I loved this temple in Kolkata. Quiet, well-maintained, it’s a welcome refuge from the world outside. Located on busy Diamond Harbour Road in Kidderpore, it’s an island of tranquillity. There is complete peace as you walk up the long flight of steps from the gate to the interior of the temple.
I was reminded of the Shree Lakshminarayan Temple at Chander Road in Singapore. It is bigger than the Lakshminarayan Temple and the architecture is different too. While the Lakshminarayan Temple is an ordinary-looking house standing on a quiet lane, this temple with its long flight of steps and high dome is clearly a Hindu religious building.
So why did it remind me of the Singapore temple?
Because the deities look the same.

It is a North Indian temple like the Shree Lakshminarayan Temple in Singapore. The priests and devotees are Hindi-speaking. There are differences between North Indian and South Indian temples. The differences can be seen in Singapore too. The idols in the Sri Veerama Kaliamman Temple on Serangoon Road look different from those at the Shree Lakshminarayan Temple a short walk away on Chander Road.
South Indian temples predominate in Singapore because the majority of Indians there are Tamil-speaking.
But what about the earliest Indians who went to Singapore with Sir Stamford Raffles? Where did they come from?
We know Raffles was accompanied by Narayana Pillay, a Tamil businessman from Penang.
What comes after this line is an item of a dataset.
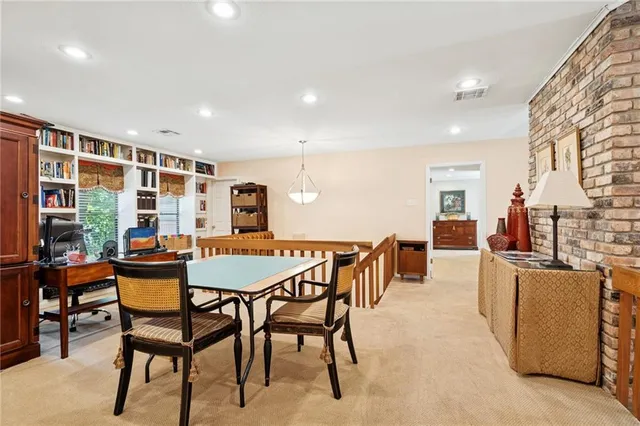 $1,200,000 | 4620 East St Bernard Highway, Meraux, LA 70075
But what about the other Indians – 120 in all, sepoys and lascars, assistants and servants – who arrived in Singapore with Raffles in January 1819?
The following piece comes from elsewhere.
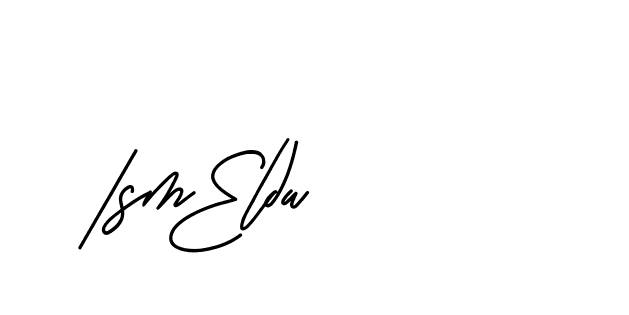 The best way (BetterGrade-519DV) to make a short signature is to pick only two or three words in your name. The name Ceard include a total of six letters. For converting this name. Ceard signature style 2 images and pictures png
Were the majority Tamil-speaking?
That would be surprising since Raffles sailed from Calcutta (now called Kolkata). Kolkata is part of Bengal and the Bengal Army back then was Hindi-speaking. So the sepoys (soldiers) should have been Hindi speakers. The lascars (seamen) were also likely to have come from the east.
In fact, the Sri Veerama Kaliamman Temple was built in the 1880s by construction workers from Bengal, according to Wikipedia.
But it is a South Indian temple.
So is the oldest Hindu temple in Singapore. The Sri Mariamman Temple was founded by Narayana Pillay in 1827.